EDITORIAL: PTI (Pakistan Tehreek-e-Insaf) is clearly trying to wriggle out of its isolation, moving pieces across the board to get the so-called establishment, along with other premier institutions of the state, to grant it a “level playing field” ahead of the general election.
So, while participants in meetings between the party’s information secretary and the president, and between Shafqat Mehmood and the caretaker information minister, are trying to play them down, enough chatter has reached the press to suggest that efforts are underway, most likely at the behest of PTI chairman Imran Khan, for a “grand national dialogue”.
This makes sense. Politics is the art of the possible, after all, and this seems like the moment when PTI is maturing from its earlier refusal to talk to anybody else, no matter how urgent the situation, to one where it accepts the centrality of dialogue in the greater political process. And as the country’s largest and (still) most popular political party, it is well within its rights to demand that “level playing field” so close to the election.
Strangely, though, the caretaker interior minister has thrown a spanner in the works, so to speak, by saying that “there is no room for any dialogue with the attackers and planners of May 9”.
No doubt he was referring to PTI, especially its high command, which would imply that he, at least, has reached the conclusion that everybody being tried for the said attacks is guilty as charged. Yet that contradicts the cardinal rule of “innocent until proven guilty”.
Surely, he’s mindful that as a sitting minister he does not have the luxury of personal opinions, especially on matters of supreme national importance. And, for all intents and purposes, his utterances in fact reflect the official position of the caretaker government; whose number-one responsibility is to ensure “free and fair elections”. But is that really possible when the government acts as judge, jury and executioner even as the honourable courts are going about their business?
There’s also the rather obvious fact that the country is passing through a very fragile situation at the moment. Everybody knows that unprecedented political bitterness, just when the economy was on the brink of complete collapse, almost brought the whole house crashing down just last year.
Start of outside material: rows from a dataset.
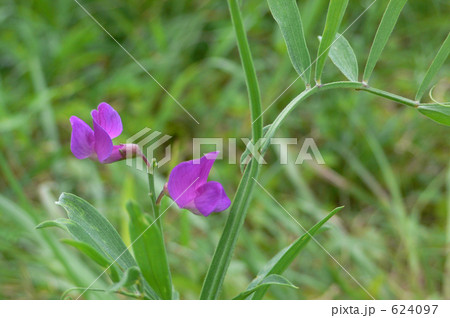 野の花(レンリソウ) 野の花(レンリソウ) 624097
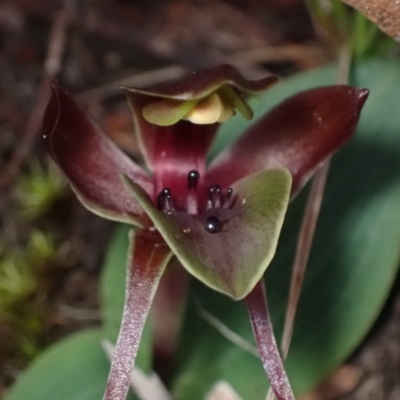 Chiloglottis valida (Large Bird Orchid) at Halls Gap, VIC - 17 Oct 2023 by AnneG1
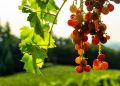 Успех в виноградарстве: что нужно сделать в августе
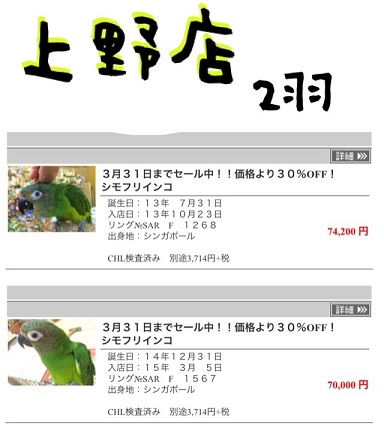20160306-securedownload__3_.jpg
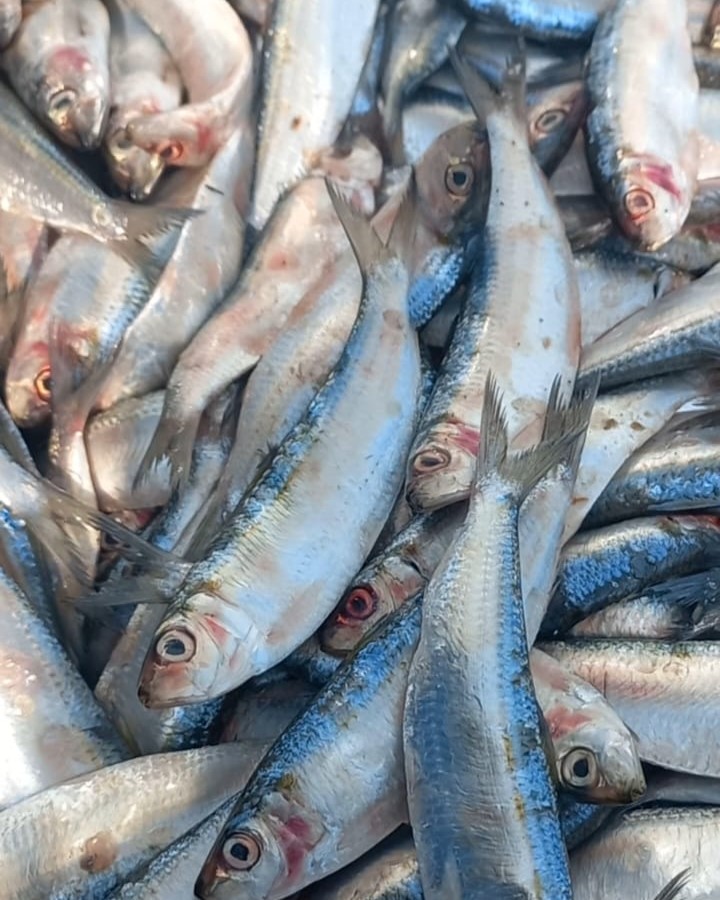 Ikan Juwi - Ikan Asin Subkhan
There’s no denying that PTI played perhaps the biggest role in creating that atmosphere of animosity, but that does not mean it can be sidelined, especially this close to a monumental general election, unless the law says so. And the law hasn’t delivered its final verdict yet.
It’s also true that the country hasn’t, by any stretch of the imagination, successfully negotiated any of its existential crises yet. And, as so often stressed in this space, there is an urgent need for all political parties and all leading institutions to sit together, indeed initiate a “grand national dialogue”, and chart a way forward where nobody disagrees on the most important tasks at hand. For, it would do nobody any good, regardless of who is in jail and who is in power, if the country breaks down and defaults.
There is still time to get the house in order. But that would require everybody in it to play along. And that is not possible without the “level playing field” that PTI is now demanding. Of course, it is ironic that a party deliberately pushing everybody else away not too long ago is now pleading for inclusivity, but that is the long-term nature of politics. And unless other parties, and institutions, also display the maturity needed to appreciate and accept this reality, everybody will suffer in the end.